— Task to carry out —
After locating the line that contains "Vintage Bavarian Decorative", transcribe exactly that line and each one after it until the data ends, skipping pictures.

— Image-caption web data —
···

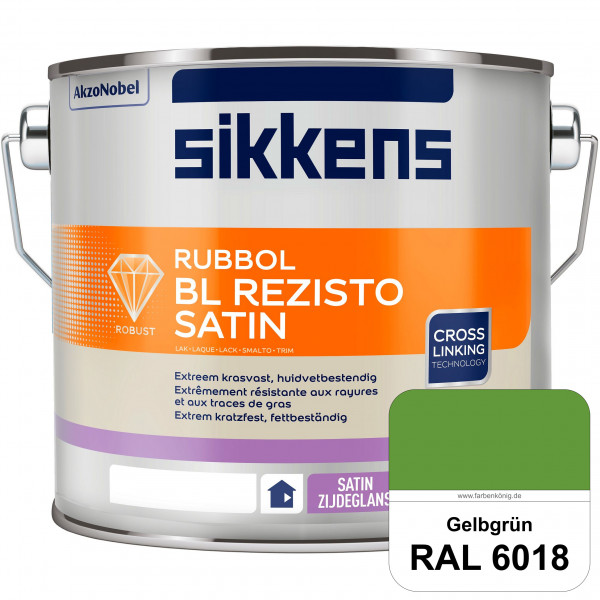 Rubbol BL Rezisto Satin (RAL 6018 Gelbgrün) seidenglänzender und strapazierfähiger Lack (wasserbasie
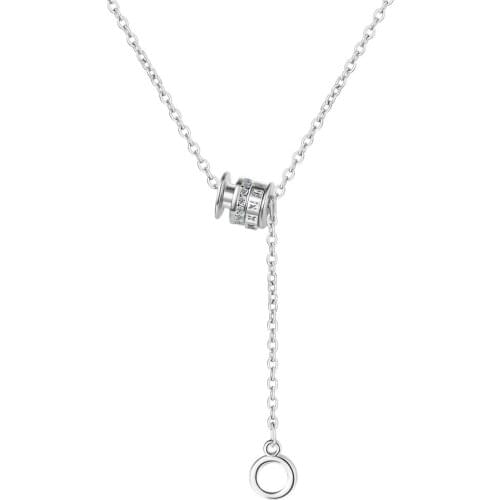 Utimtree Simple Fashion Micro CZ Moon Round Tassel Necklace For Women Jewelry White Gold Color collares Clavicle Necklace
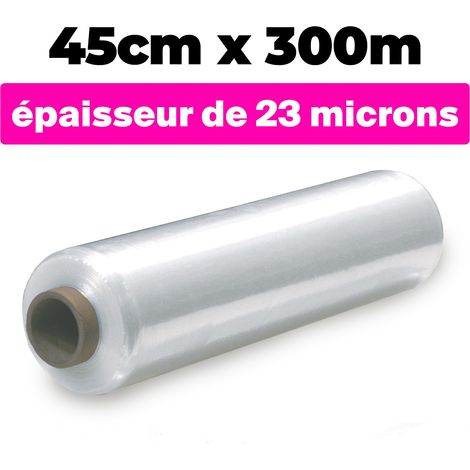 Europalamp – Film étirable transparent 45cm – Épaisseur 23 microns – Résistance élevée à la traction – Pour protection de palettes et colis (1/2)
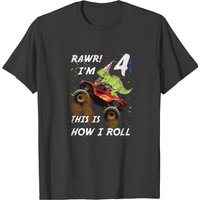 T-shirt pour hommes avec dinosaure sur camion monstre - 4e anniversaire
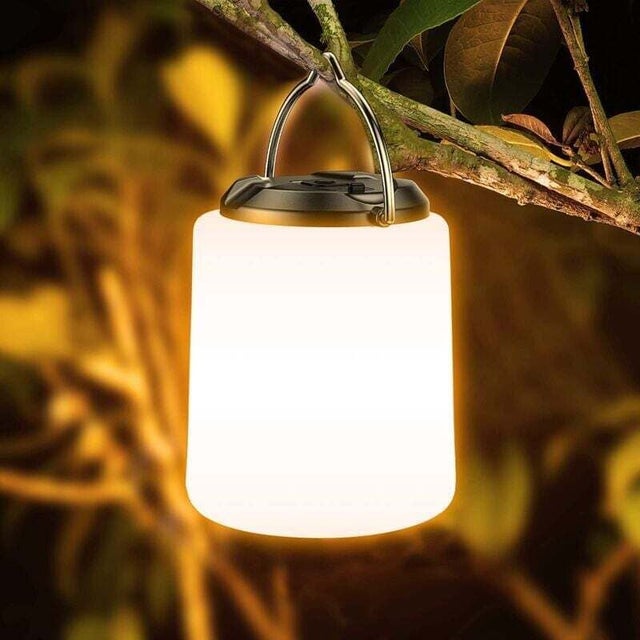 Lanterne de camping rechargeable - Luminosité réglable sur 3 modes - Lampe de tente portable et étanche - Pour la randonnée, le jardin et plus encore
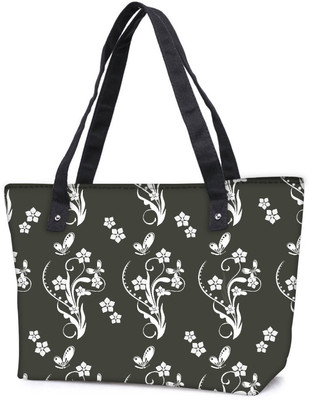 

Snoogg Pack Of 2 White Floral Pattern Combo Tote Shopping Grocery Bag With Coin Pencil Purse Shoulder Bag(Multicolor, 5 L)
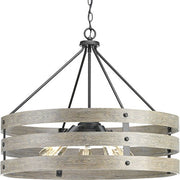Progress P500090-143 Gulliver Collection Five-Light Graphite Coastal Pendant Light Alternate Image.jpg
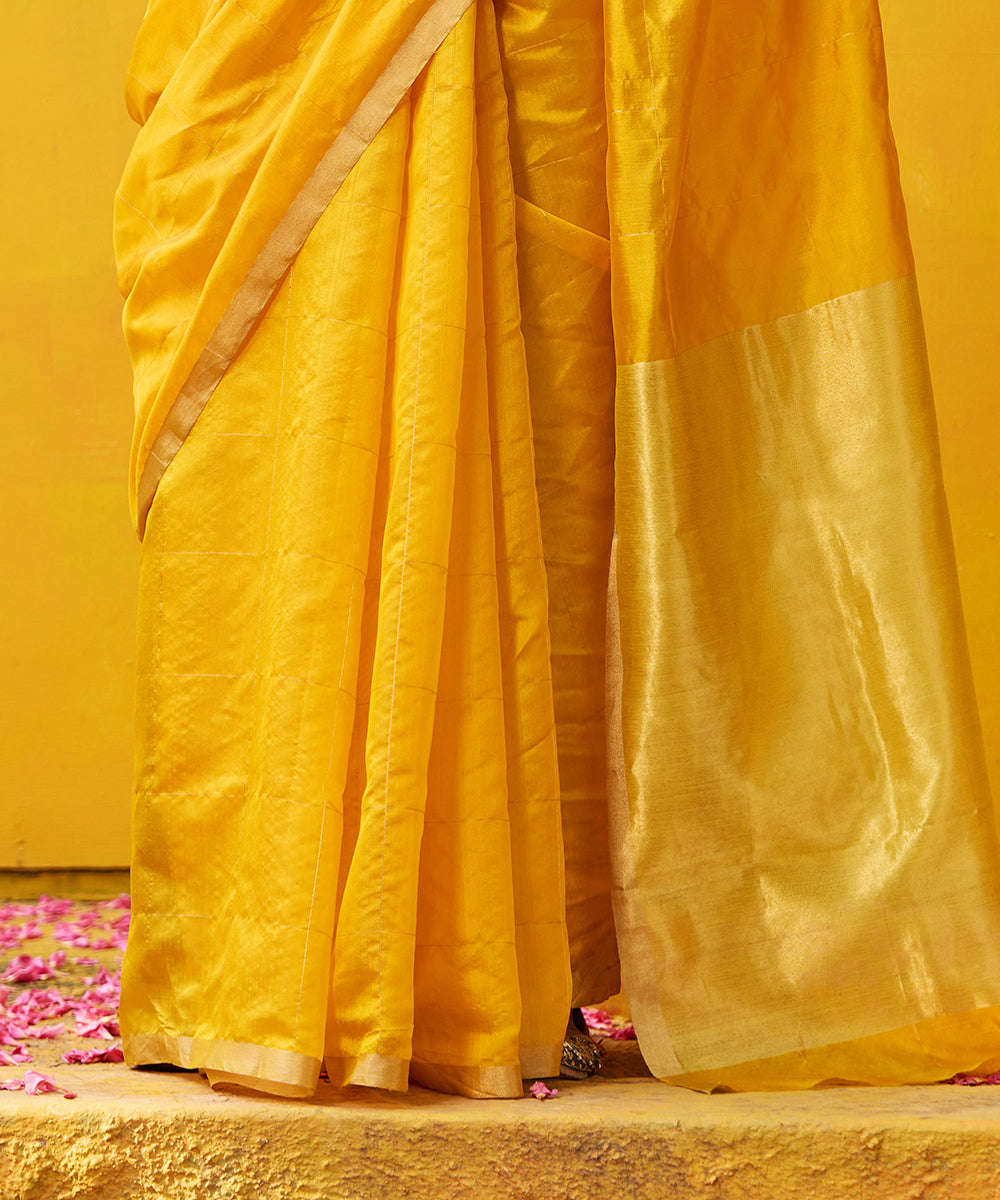 Yellow_Handloom_Pure_Silk_Chanderi_Saree_With_Zari_Squares_WeaverStory_04
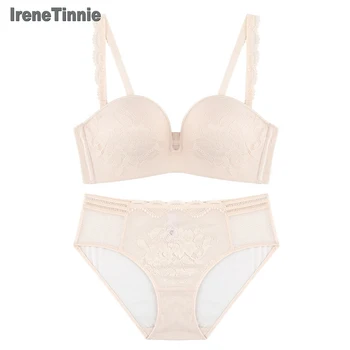 

Irene Tinnie Women Intimates Plain Color Cotton Comfortable Women Bras And Underwear Sets Push Up Seamless Matching Bra Set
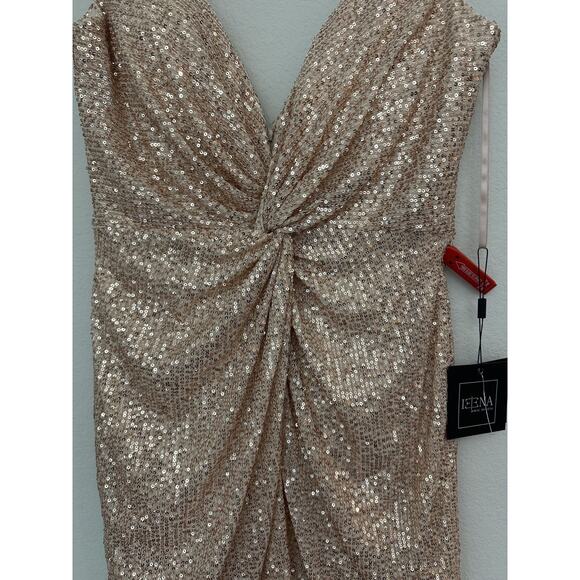 New Ieena For Mac Duggal Rose Gold Sequined V-Neck Dress 26496 Size 10 - Picture 3 of 8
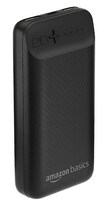 Amazon Basics 20000mAh 12W Lithium-Polymer Power Bank | Dual Input, Dual Output | Black, Type-C Cable Included 
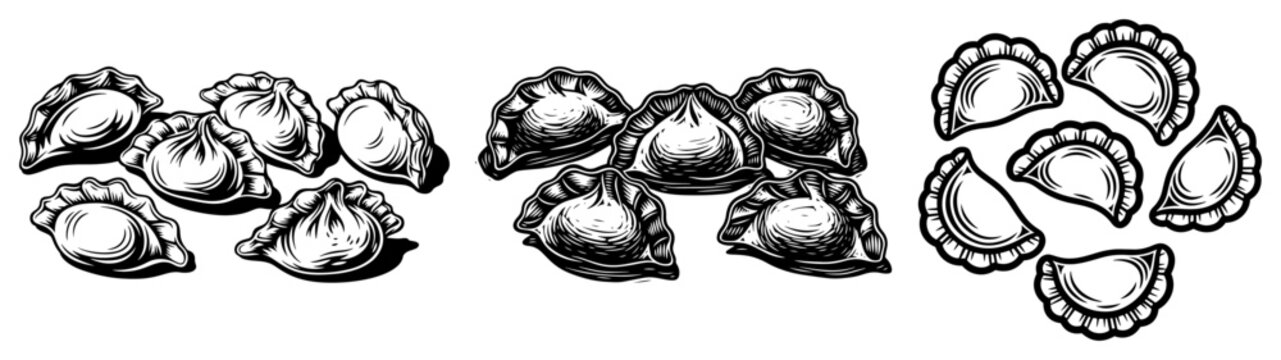 Traditional dumplings pierogi vector set illustration, pelmeni and varenyky pastry isolated on white
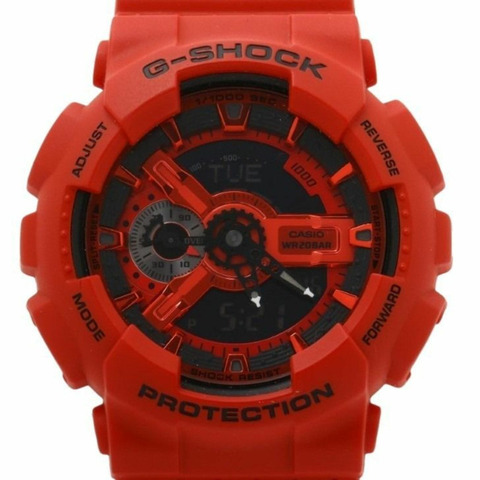 卡西歐 G-SHOCK 指針/數位雙顯 110 系列 GA-110RRB-4AJF 紅色樹脂男士手錶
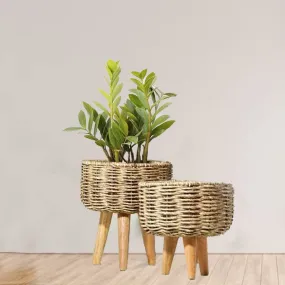 The Advitya Jute Rope Planters with Stand | Durable Plant Container Pot Gamla Basket for Indoor Home Decor & Outdoor Balcony/Garden/Living Room/Bedroom Interior Set of 2 (Medium & Large)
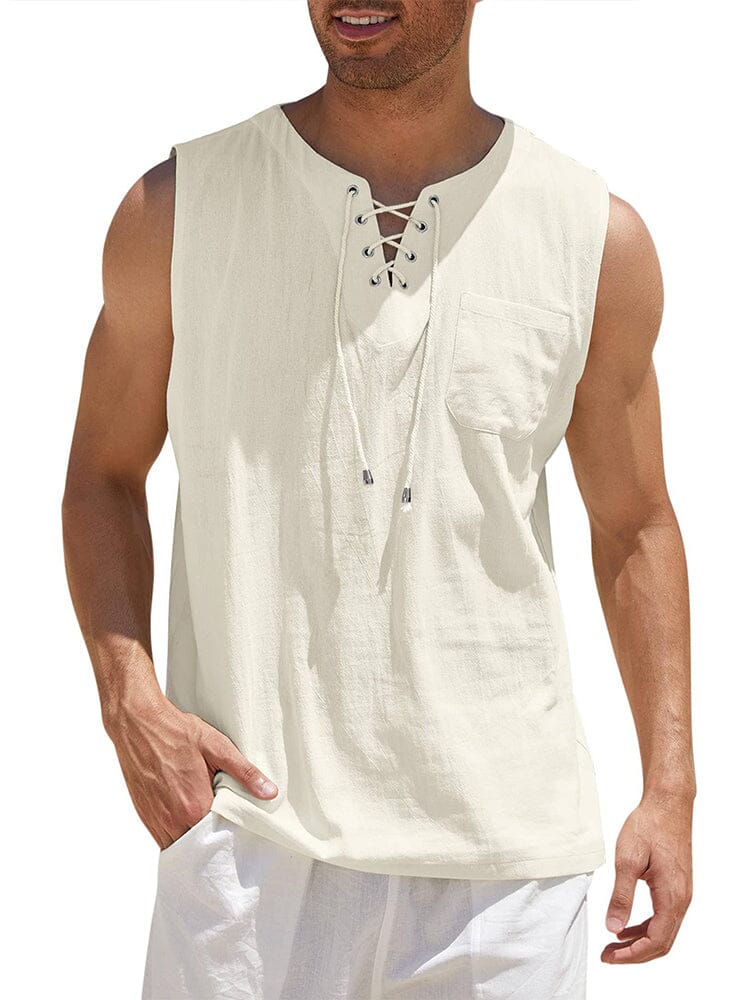 Camiseta de tirantes de lino con cuello en V ALBI - imagen 18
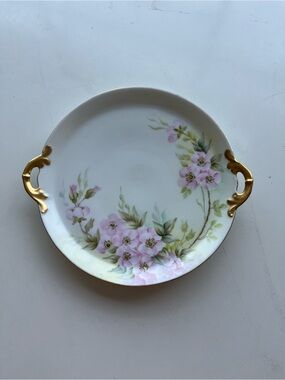 Vintage Bavarian Decorative Floral Serving Plate with Gold Handles - Pink
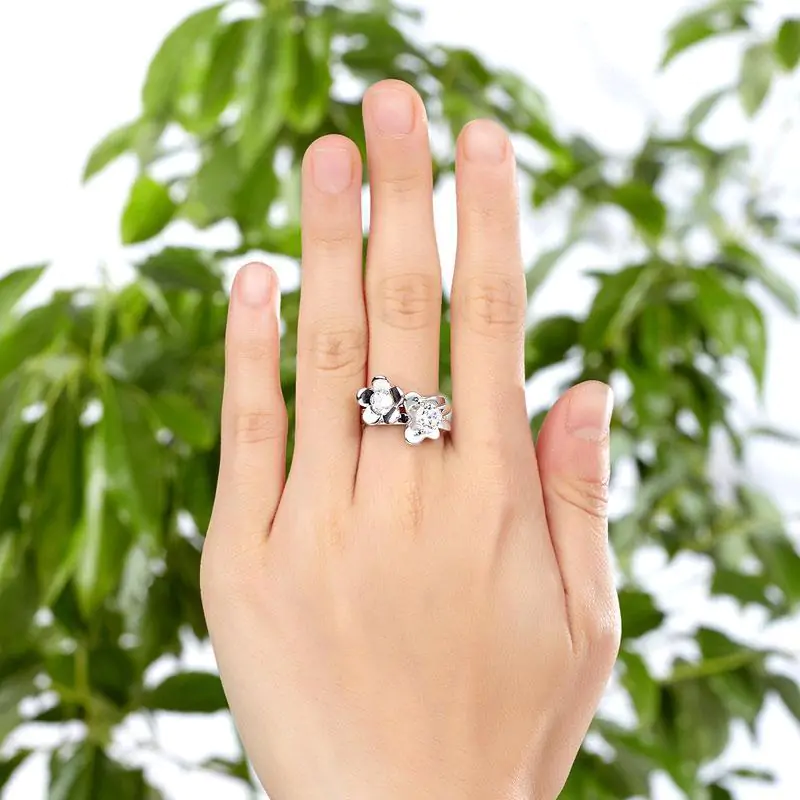 Solid 925 Sterling Silver 2-Pcs Butterfly Flower Ring Set - Image 6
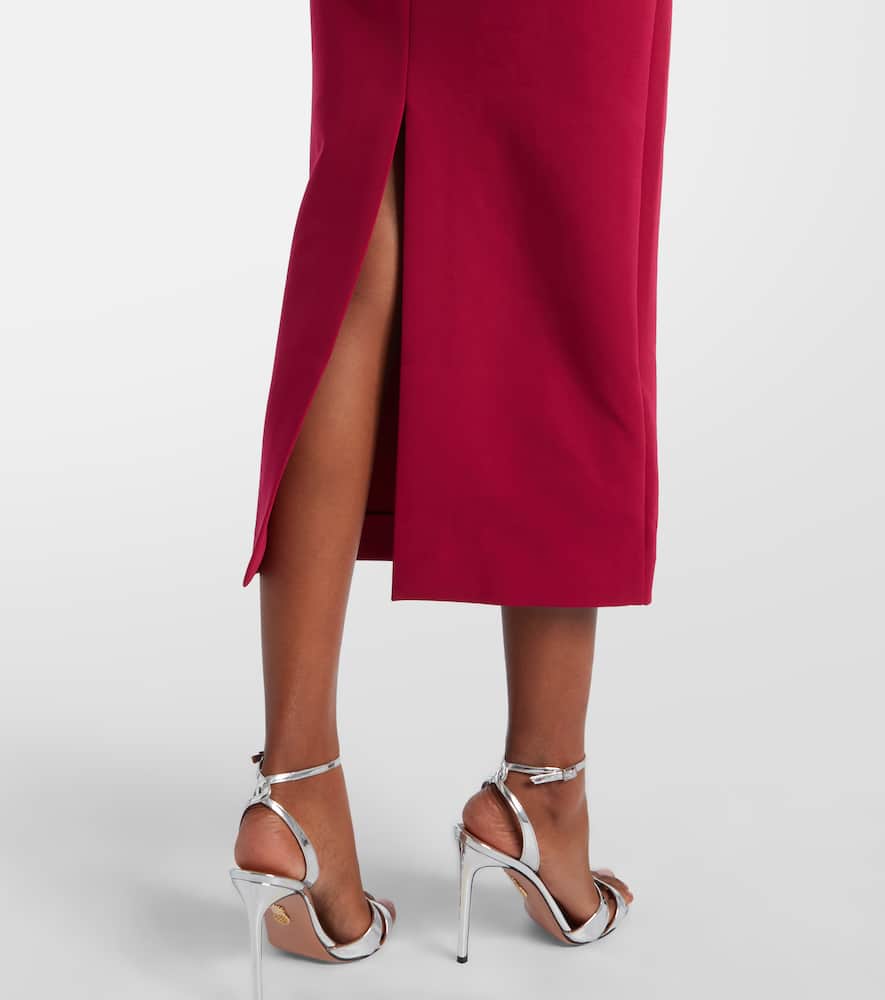 Belted crêpe midi dress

···

— Answer space —
 Vintage Bavarian Decorative Floral Serving Plate with Gold Handles - Pink
 Solid 925 Sterling Silver 2-Pcs Butterfly Flower Ring Set - Image 6
 Belted crêpe midi dress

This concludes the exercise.